If a satirist set his sights on increasingly broad definitions of sexual assault and harassment, he could hardly surpass the story of New York’s Governor Andrew Cuomo—whose “Enough is Enough” law effectively stipulates people can commit sexual assault without knowing it and who has now been accused of sexual assault or harassment by nine different women.

Under Cuomo’s law, all sexual acts qualify as assault unless preceded by “affirmative consent,” “a knowing, voluntary, and mutual decision” that “can be given by words or actions.” The catch is that “Silence or lack of resistance, in and of itself, does not demonstrate consent.” Initiators of sexual behavior willing to cease if opposed thereby become guilty of assault if the other party passively allows the behavior.

Misunderstandings are ruled to be cases not only of stupidity or immorality but of violence. The law ignores both that some are more “passive” during desired acts than others are during ones they tolerate and the lack of a meaningful difference between silence in the face of unwanted acts and verbally assenting to them merely because it is the path of least resistance.

Now Cuomo is accused of initiating flirtatious, romantic and sexual contact without waiting for the “affirmative consent” defined in his own law. According to Lindsay Boylan, Cuomo “would go out of his way to touch me on my lower back, arms and legs” and once “stepped in front of me and kissed me on the lips.” Jessica Bakeman recounted two incidents to demonstrate Cuomo often had his hands “on my arms, my shoulders, the small of my back, my waist.”. Bakeman admits that at times she offered no resistance. Boylan implicitly suggests the same and two others left the matter vague: Ana Liss claims Cuomo “hugged her, kissed her on both cheeks and then wrapped his arm around her lower back and grabbed her waist” and, on a different, occasion grabbed and kissed her hand. An anonymous accuser alleges Cuomo groped her.

Two women go further, alleging Cuomo forcibly maintained contact despite resistance: Anna Ruch claims “Cuomo put his hand on the small of her back” and that after she “promptly removed his hand...which I would have thought was a clear enough indicator” he “placed his hands on her cheeks, asking if he could kiss her” and forcibly did so as she pulled away. Karen Hinton’s accusation is that Cuomo “embraced her” and that when “she pulled away” he “pulled her back toward his body, holding her before she backed away and left the room.”

The last three make no claims of such acts. Charlotte Bennett alleged Cuomo used discussions about her having been sexually assaulted as a ploy to initiate a sexual relationship, Alyssa McGrath that he looked down her shirt. Valerie Bauman alleged flirtatiousness to the point of harassment, though certain actions she criticizes (such as how he introduced himself) seem to have been reasonable enough in themselves despite their possible intent.

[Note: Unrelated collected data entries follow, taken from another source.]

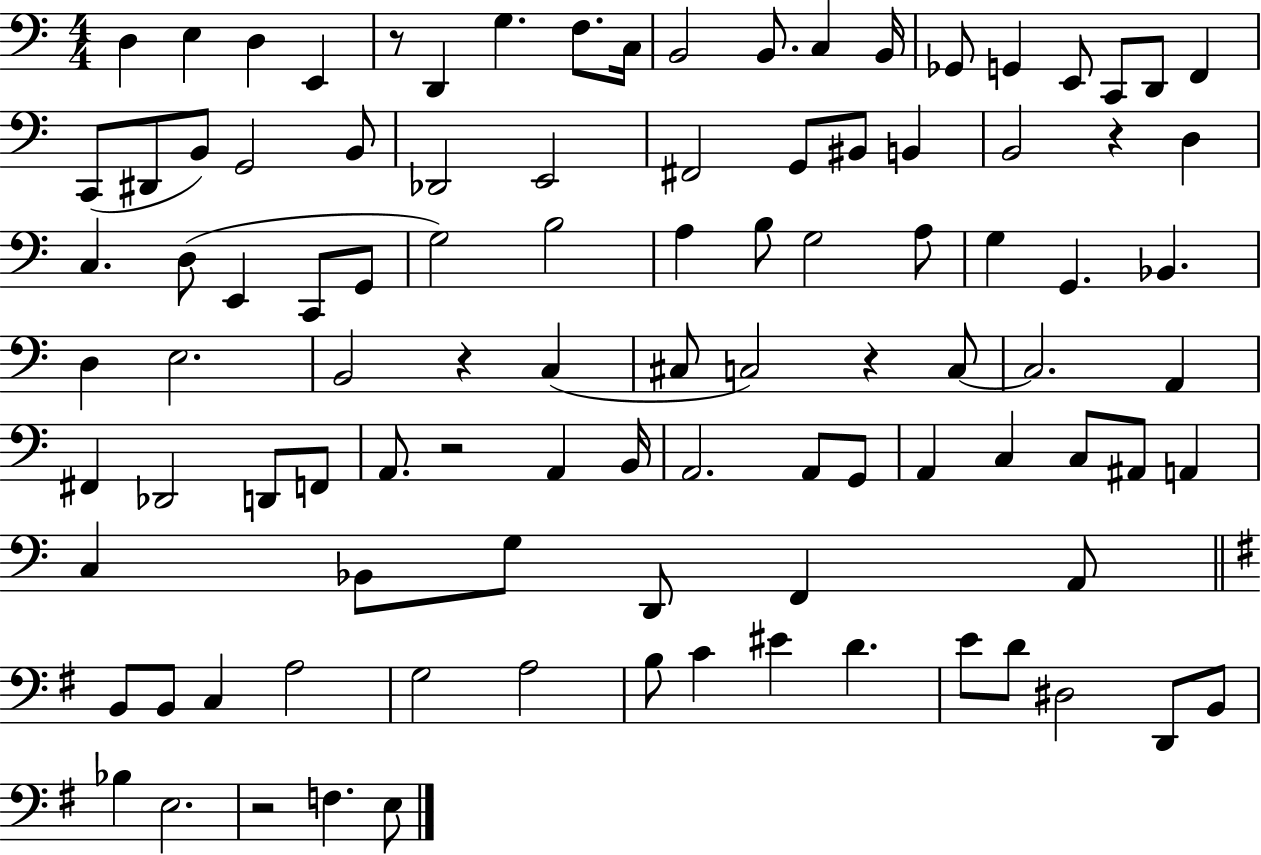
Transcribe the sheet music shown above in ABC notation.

X:1
T:Untitled
M:4/4
L:1/4
K:C
D, E, D, E,, z/2 D,, G, F,/2 C,/4 B,,2 B,,/2 C, B,,/4 _G,,/2 G,, E,,/2 C,,/2 D,,/2 F,, C,,/2 ^D,,/2 B,,/2 G,,2 B,,/2 _D,,2 E,,2 ^F,,2 G,,/2 ^B,,/2 B,, B,,2 z D, C, D,/2 E,, C,,/2 G,,/2 G,2 B,2 A, B,/2 G,2 A,/2 G, G,, _B,, D, E,2 B,,2 z C, ^C,/2 C,2 z C,/2 C,2 A,, ^F,, _D,,2 D,,/2 F,,/2 A,,/2 z2 A,, B,,/4 A,,2 A,,/2 G,,/2 A,, C, C,/2 ^A,,/2 A,, C, _B,,/2 G,/2 D,,/2 F,, A,,/2 B,,/2 B,,/2 C, A,2 G,2 A,2 B,/2 C ^E D E/2 D/2 ^D,2 D,,/2 B,,/2 _B, E,2 z2 F, E,/2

Ironically Cuomo’s own law subjects his behavior to harsher legal censure than would otherwise be the case. Most accusations have him initiating flirtatious or romantic acts prior to women expressing either “affirmative consent” or opposition. Alleged forcible persistence in the face of resistance was brief. If the accusations are true, common sense suggests an aggressor but ordinary criminal justice standards couldn’t prove Cuomo wasn’t misreading situations. His law was also influenced by and implicitly promoted a “guilty until proven innocent” approach to sexual assault allegations that is now causing prominent members of his party to call for his resignation even as he insists upon waiting for the outcome of an investigation.
A further irony is that statements of Cuomo’s accusers reveal problems with the mindset behind such measures as the “Enough is Enough” law.

In the first place, the allegations not only paint the picture of an abusive aggressor but of an abusive aggressor who habitually backed down in the face of firm opposition. Rather than recognizing resistance can help control the problem, two accusers refuse to accept responsibility for their failure to resist. Bennett criticized those who “put the onus on the women to shut that conversation down” and insist that by not doing so she “was somehow engaging in that or enabling it, when in fact, I was just terrified.” Bakeman accused Cuomo of “stunning me silent.”12 In other words, both gave in to fear and use this as an excuse for refusing to fight. And it is specifically because some base claims of assault on similar refusals (when men initiate sexual acts) that politicians come up with such notions as “affirmative consent.”

A second problem is interpreting incidents through the presuppositions of and using them to advance a feminist ideological agenda. Two of Cuomo’s accusers seem guilty of this. Bauman expressed a wish to “shine a light on...devaluation of women’s voices.” Rather than bothering to allege any example of this she lumps the claim in with that of sexual harassment and leaves it there. Bakeman claims without evidence that the governor’s alleged harassment is a way to make women feel powerless rather than libidinous. She also uses ideology to excuse her failure to stand up to him, claiming it was grounded in a “reflexive assessment that most women and marginalized people know instinctively, the calculation about risk and power and self-preservation.”

Much as the multiplicity of allegations against him suggest that Cuomo is, at best, an obnoxious womanizer, it seems that the flawed presuppositions of a movement he has supported politically are now magnifying the extent of his wrongdoing while excusing the complacency of those who allowed him to mistreat them.